EXERCISE INSTRUCTIONS:
Please copy, exactly as they appear below, the lines from the one containing "China (1945) (Map)" through the one containing "Шнур нейлоновый для".

Data extracted from a collection:
= Beginning of Section =

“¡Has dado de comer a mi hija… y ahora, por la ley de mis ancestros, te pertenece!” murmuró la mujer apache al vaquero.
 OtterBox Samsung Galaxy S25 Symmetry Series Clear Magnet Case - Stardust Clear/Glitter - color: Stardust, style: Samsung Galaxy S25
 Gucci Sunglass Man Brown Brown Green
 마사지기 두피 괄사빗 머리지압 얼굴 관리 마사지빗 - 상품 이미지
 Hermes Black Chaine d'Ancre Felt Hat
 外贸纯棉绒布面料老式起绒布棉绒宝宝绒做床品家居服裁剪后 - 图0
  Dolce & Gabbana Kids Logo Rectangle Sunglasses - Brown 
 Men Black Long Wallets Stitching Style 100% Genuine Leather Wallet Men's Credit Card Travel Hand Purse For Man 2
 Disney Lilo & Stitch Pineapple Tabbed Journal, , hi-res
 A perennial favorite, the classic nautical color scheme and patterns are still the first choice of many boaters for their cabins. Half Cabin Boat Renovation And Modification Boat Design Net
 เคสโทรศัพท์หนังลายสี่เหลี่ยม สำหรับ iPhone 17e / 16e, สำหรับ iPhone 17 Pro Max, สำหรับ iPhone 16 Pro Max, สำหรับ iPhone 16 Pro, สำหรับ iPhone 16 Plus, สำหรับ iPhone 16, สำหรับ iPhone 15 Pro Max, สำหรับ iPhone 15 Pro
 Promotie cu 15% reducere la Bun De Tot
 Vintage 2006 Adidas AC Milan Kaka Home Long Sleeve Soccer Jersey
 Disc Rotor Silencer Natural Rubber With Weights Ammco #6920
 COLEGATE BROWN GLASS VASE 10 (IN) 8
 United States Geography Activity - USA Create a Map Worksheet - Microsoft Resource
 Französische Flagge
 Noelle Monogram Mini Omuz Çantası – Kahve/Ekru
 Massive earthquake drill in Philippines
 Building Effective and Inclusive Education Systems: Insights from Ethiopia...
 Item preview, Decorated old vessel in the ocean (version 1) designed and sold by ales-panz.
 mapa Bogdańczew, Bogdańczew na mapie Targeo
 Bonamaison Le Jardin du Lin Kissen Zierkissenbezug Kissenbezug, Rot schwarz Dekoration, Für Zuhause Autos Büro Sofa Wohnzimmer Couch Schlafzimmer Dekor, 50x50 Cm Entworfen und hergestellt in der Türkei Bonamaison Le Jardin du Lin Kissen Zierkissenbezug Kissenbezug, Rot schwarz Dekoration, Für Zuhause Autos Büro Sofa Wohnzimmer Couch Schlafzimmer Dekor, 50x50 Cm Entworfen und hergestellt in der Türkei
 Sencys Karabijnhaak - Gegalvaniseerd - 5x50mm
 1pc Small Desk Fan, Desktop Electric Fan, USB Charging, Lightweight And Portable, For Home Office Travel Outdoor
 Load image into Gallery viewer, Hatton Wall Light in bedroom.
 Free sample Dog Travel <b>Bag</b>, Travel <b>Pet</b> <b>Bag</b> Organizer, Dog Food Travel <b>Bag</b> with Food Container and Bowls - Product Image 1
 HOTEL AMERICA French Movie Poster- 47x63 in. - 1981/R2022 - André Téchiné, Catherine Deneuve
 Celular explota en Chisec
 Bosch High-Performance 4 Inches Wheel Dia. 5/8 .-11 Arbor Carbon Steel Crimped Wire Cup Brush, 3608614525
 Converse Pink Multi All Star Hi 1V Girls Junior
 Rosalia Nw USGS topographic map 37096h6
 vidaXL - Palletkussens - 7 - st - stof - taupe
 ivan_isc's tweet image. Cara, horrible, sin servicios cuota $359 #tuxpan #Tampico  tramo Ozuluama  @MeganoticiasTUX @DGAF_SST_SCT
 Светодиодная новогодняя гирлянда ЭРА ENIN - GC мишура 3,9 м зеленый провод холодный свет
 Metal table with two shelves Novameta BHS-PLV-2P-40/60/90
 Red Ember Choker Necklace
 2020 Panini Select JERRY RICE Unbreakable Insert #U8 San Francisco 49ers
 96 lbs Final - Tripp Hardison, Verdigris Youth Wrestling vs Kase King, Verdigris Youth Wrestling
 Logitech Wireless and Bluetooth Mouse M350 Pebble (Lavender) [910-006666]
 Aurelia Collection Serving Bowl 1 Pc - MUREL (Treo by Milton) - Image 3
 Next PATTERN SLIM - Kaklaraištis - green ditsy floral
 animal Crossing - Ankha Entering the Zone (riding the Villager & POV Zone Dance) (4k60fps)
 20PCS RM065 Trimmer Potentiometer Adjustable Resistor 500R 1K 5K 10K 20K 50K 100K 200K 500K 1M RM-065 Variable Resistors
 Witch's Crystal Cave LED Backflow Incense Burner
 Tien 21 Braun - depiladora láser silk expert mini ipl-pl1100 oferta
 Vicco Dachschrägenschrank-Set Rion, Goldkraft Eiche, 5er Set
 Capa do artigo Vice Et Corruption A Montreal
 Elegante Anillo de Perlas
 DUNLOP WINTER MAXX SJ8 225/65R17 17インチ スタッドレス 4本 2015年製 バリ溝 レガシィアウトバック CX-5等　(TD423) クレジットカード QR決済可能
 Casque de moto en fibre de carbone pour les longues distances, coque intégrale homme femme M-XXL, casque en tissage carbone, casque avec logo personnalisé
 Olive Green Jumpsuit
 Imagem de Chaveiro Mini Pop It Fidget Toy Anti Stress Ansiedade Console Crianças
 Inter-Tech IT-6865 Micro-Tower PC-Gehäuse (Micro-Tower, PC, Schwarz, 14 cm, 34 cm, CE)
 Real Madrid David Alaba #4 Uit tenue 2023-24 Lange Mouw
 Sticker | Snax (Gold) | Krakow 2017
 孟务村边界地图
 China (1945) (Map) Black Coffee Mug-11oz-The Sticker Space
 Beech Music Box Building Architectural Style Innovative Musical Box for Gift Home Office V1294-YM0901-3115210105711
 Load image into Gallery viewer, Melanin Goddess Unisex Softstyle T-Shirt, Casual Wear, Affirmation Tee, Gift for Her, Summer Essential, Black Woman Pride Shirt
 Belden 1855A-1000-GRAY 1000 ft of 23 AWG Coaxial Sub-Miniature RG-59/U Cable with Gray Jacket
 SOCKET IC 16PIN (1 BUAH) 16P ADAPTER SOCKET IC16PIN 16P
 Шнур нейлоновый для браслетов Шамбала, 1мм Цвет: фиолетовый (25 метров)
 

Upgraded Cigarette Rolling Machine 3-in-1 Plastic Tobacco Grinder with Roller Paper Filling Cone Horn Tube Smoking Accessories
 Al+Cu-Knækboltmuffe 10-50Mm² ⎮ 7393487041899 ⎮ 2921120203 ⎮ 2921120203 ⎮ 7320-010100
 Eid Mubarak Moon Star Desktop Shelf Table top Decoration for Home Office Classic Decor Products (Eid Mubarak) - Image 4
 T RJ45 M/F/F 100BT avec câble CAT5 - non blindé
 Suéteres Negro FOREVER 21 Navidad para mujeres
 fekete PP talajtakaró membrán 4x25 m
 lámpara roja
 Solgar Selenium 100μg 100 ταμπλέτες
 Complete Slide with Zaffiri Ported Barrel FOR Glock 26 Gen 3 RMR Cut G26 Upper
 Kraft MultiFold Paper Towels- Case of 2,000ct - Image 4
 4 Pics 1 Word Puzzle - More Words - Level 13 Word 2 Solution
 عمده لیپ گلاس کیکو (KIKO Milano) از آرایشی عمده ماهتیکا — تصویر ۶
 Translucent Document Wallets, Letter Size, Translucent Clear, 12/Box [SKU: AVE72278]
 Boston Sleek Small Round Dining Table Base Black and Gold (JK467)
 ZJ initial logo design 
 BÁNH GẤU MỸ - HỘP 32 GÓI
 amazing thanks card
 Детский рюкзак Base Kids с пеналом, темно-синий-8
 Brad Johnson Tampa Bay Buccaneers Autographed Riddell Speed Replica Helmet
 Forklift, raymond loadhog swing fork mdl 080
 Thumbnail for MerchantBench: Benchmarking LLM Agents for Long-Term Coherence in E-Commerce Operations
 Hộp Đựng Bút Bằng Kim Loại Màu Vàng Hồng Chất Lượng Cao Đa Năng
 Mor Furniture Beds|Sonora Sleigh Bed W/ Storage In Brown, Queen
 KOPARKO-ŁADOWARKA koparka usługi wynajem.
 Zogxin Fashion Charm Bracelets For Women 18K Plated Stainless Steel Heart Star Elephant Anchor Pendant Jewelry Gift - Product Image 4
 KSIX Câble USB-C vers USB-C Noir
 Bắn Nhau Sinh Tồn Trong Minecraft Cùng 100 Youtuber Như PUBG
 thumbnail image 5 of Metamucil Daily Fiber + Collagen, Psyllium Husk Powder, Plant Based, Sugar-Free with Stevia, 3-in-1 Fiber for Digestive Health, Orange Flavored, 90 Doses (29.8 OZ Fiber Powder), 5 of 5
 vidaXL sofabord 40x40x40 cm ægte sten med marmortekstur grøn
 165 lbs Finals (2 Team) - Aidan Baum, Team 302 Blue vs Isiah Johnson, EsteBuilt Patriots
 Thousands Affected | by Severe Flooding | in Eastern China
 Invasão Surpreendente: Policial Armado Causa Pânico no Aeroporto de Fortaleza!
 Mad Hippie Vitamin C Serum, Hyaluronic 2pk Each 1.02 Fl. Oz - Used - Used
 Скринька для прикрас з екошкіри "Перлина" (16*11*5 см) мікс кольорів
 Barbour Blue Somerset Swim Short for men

= End of Section =

RESPONSE BOX:
 China (1945) (Map) Black Coffee Mug-11oz-The Sticker Space
 Beech Music Box Building Architectural Style Innovative Musical Box for Gift Home Office V1294-YM0901-3115210105711
 Load image into Gallery viewer, Melanin Goddess Unisex Softstyle T-Shirt, Casual Wear, Affirmation Tee, Gift for Her, Summer Essential, Black Woman Pride Shirt
 Belden 1855A-1000-GRAY 1000 ft of 23 AWG Coaxial Sub-Miniature RG-59/U Cable with Gray Jacket
 SOCKET IC 16PIN (1 BUAH) 16P ADAPTER SOCKET IC16PIN 16P
 Шнур нейлоновый для браслетов Шамбала, 1мм Цвет: фиолетовый (25 метров)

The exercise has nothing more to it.